Le terme de commun est la racine de nombreux mots, le radical de nombreuses catégories de pensée qu’elles soient sociale, politique, philosophique ou religieuse dont beaucoup ont marqué et marquent encore le cours de l’histoire des sociétés du siècle dernier et de ce début de siècle : communion, commune, communisme, communautarisme, et aujourd’hui communauté virtuelle, autant de notions, de courants et de pratiques qui se réfèrent, avec des sens différents, au commun, à la chose commune.
L'équipe de Robba interroge la notion de commun dans sa définition première à partir de la Corse et en l’illustrant de faits d’actualité. Il s'en tient aux communs de Corse, ce qu’ils étaient, ce qu’ils sont devenus et surtout ce qu’ils pourraient devenir à la faveur du renouveau de la pensée consécutive aux multiples crises en cours.



Nikolai Astrup, Digitales
Nikolai Astrup, Digitales
Le commun est aujourd’hui abondamment utilisé - au risque de sa banalisation : tout ou presque semble aujourd’hui être éligible, jusqu’à la redondance - pensons à la communauté de communes - Le risque est grand d’en faire une notion fourre-tout et d’en affaiblir sa portée.
Quel sens doit-on finalement donner aux cortèges de communs qui désigne des catégories aussi diverses que l’eau, le sol, la mer, les montagnes et autres forêts ? Leur prolifération contraste avec la progression de l’individualisme et de la sphère privée. A moins qu’il ne faille précisément voir dans cet usage non maîtrisé de la notion une réaction généreuse face à l’emprise croissante du chacun pour soi et du chacun chez soi ?

Avec Elinor Ostrom

Avant d’aborder le vif du sujet, un éclairage sur l’inscription du concept dans la pensée économique est nécessaire. Le retour des communs s’appuie sur une littérature scientifique de plus en plus fournie qui prend naissance avec les travaux précurseurs, il faudrait dire déclencheurs, de la politologue et économiste Elinor Ostrom.
Première femme (et premier politologue) à avoir reçu, en 1990, le prix Nobel d’économie, Ostrom propose de repenser la propriété à partir de la gouvernance des ressources et de la régulation des usages d’un bien. Elle interroge le statut des ressources et leurs effets sur le bien-être des individus, celui des usagers, qu’ils soient propriétaires ou non propriétaires. L'auteure de "Governing the commons" a produit une théorisation à la fois convaincante et stimulante qui a surpris le landerneau des économistes, dominé par le courant orthodoxe - et très masculin - de la discipline.

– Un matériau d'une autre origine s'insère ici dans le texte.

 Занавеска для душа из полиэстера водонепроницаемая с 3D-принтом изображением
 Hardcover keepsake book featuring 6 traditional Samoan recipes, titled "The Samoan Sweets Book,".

Jusqu’ici la théorie économique conduisait à une impasse réputée indépassable : l’usage à plusieurs d’une ressource sans droit de propriété privée ou d’Etat, débouchait immanquablement sur une surexploitation de la ressource. On doit à l’écologue américain Garrett Hardin la publication en 1963 d’un article au titre percutant « La tragédie des communs  ». Cet article princeps publié en 1963 dans la revue Science connaitra un grand succès. Hardin s’appuie sur le cas d’éleveurs qui utilisent les ressources fourragères en libre accès d’une prairie appartenant à la communauté villageoise. Chaque éleveur augmente progressivement et unilatéralement le nombre de brebis. Ce comportement conduit à la ruine la ressource collective. Hardin en conclut que la privatisation foncière constitue la seule gestion durable de la ressource. Cette formulation tragique et sentencieuse a eu valeur d’axiome chaque fois qu’il s’est agi de penser la gestion d’un commun, les forêts, les pêcheries, les sous-sol mais aussi des fréquences radio, des places de parkings ou encore le traitement des déchets.  
A partir d’un travail particulièrement documenté, riches de nombreux exemples extraits de l’histoire et saisis à partir de dynamiques des communautés contemporaines, Ostrom démontre études de cas à l’appui, qu’une autre voie que celle de la propriété privée ou de la propriété d’Etat est non seulement possible mais qu’elle a déjà été pratiquée par de nombreuses communautés dans l’histoire de l’humanité. Les fondements de la gestion des biens communs reposent sur le triptyque : l’existence d’une ressource simple ou complexe, d’une communauté d’usagers et d’un corps de règles, lesquelles sont issues de pratiques de délibération locale et collective.

Terra di u cumunu

Avec A terra di u cumunu, la Corse dispose d’une référence historique qui nourrit un récit positif reçu en héritage. Peu importe dans le cadre de cet article - qui ne fait qu’introduire la notion - si l’origine de ce mode de gestion collective est issue de la révolte paysanne de Sambucucciu d’Alandu décrite par Giovanni della Grossa ou s’il s’agit plus prosaïquement d’un contrôle astucieux effectué à distance par Gênes et la Banque de l’Office de St Georges. Ce qu’il est important de retenir ici c’est que l’usage de ressources collectives était encore effectif il y a seulement quelques années notamment dans les villages. Les nombreux témoignages de ce vécu collectif rapportent que les communs pouvaient être de différentes natures : des pâturages communaux, des forêts, des équipements collectifs comme les ouvrages hydrauliques (cf. Robba), des fours à pain ou encore des moulins à farines de châtaigne et de blé. Le souvenir de ces communs de Corse sont encore très présents dans la mémoire populaire et dans la pensée contemporaine insulaire. Ce dernier point est essentiel puisqu’il offre des prises mémorielles pour raisonner les enjeux auxquels les Corses sont aujourd’hui confrontés.
L’actualité est en effet riche d’exemples qui montrent les enjeux d’une réflexion sur les communs de Corse. Car en fait de commun, il s'agit de rendre compte de la variété des problèmes auxquels nous sommes confrontés et considérer ces modes de gestion dans leur pluralité.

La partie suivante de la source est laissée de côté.